> _To do_: Beneath this line are the data; copy exactly the part of them that opens with the line containing "Brochure design, cover" and closes with the line containing "Abbildung: Januvia 50", and only that part.

> _Task inputs_:
══════════════════════════════

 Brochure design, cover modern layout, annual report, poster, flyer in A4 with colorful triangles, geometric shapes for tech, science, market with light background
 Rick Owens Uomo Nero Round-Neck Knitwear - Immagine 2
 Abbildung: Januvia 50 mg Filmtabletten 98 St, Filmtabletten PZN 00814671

══════════════════════════════

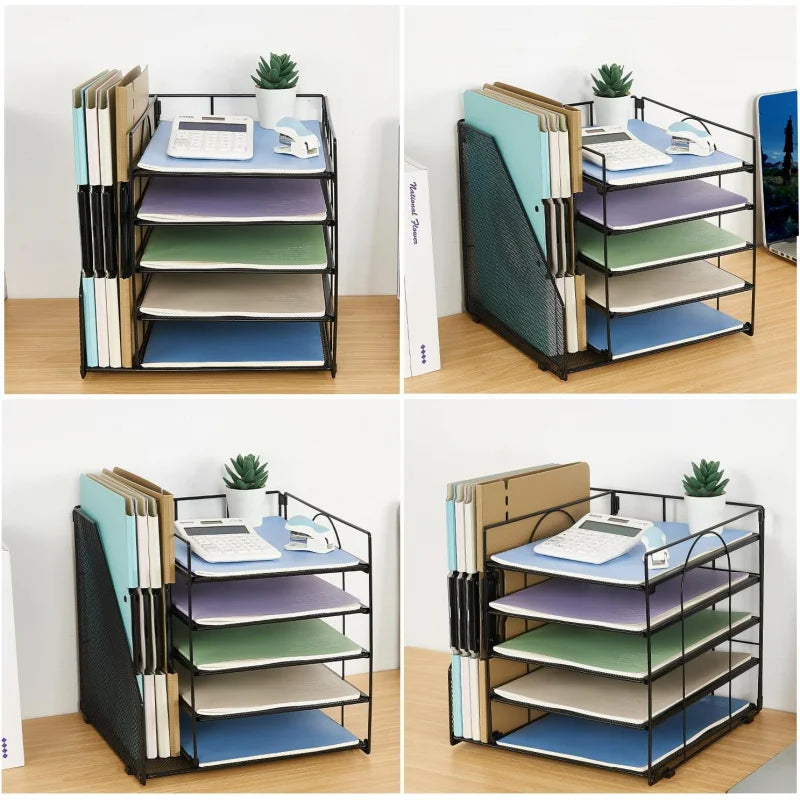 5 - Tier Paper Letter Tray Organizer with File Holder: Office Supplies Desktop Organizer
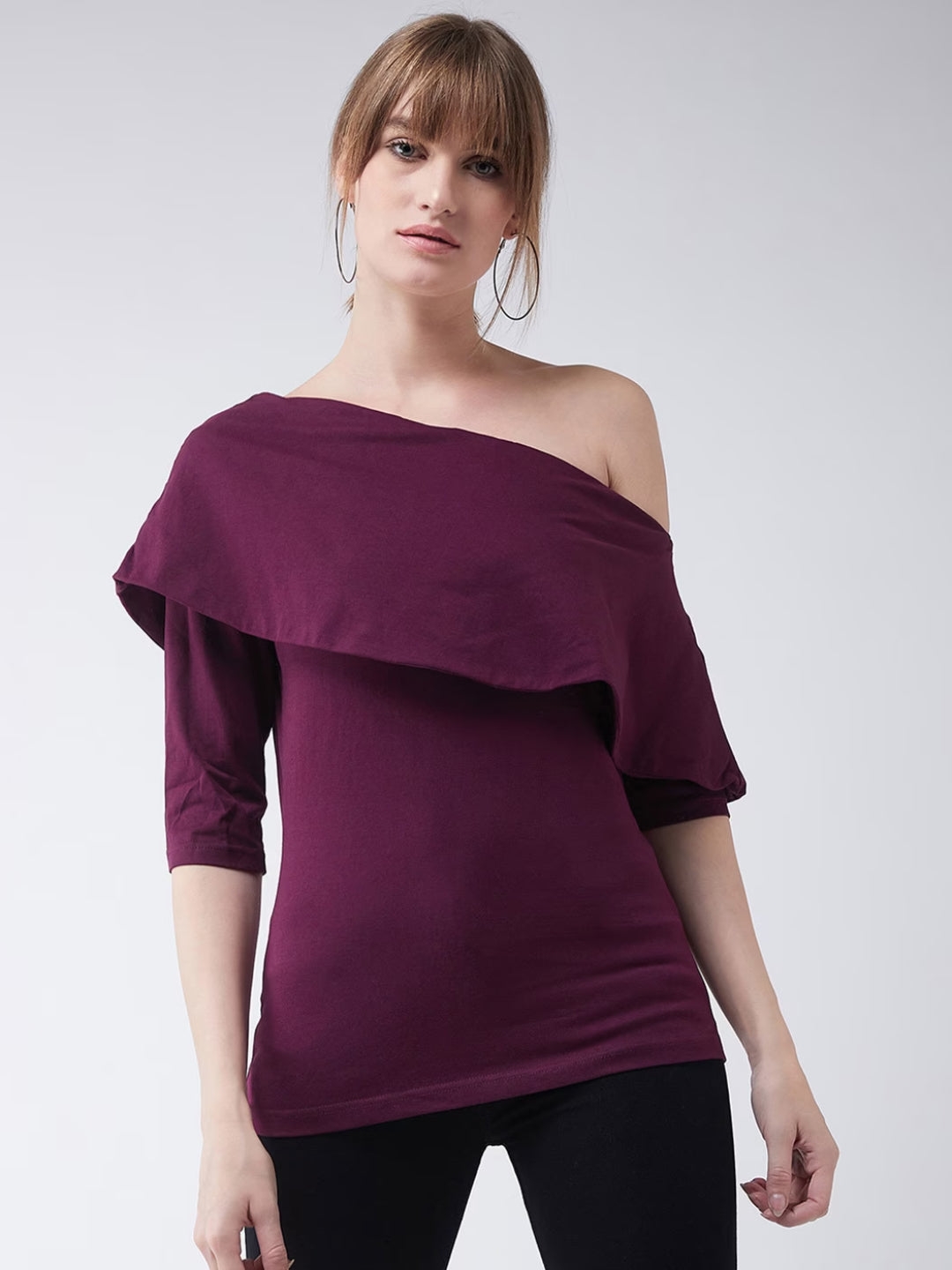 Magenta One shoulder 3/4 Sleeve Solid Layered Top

══════════════════════════════

> _Response area_:
 Brochure design, cover modern layout, annual report, poster, flyer in A4 with colorful triangles, geometric shapes for tech, science, market with light background
 Rick Owens Uomo Nero Round-Neck Knitwear - Immagine 2
 Abbildung: Januvia 50 mg Filmtabletten 98 St, Filmtabletten PZN 00814671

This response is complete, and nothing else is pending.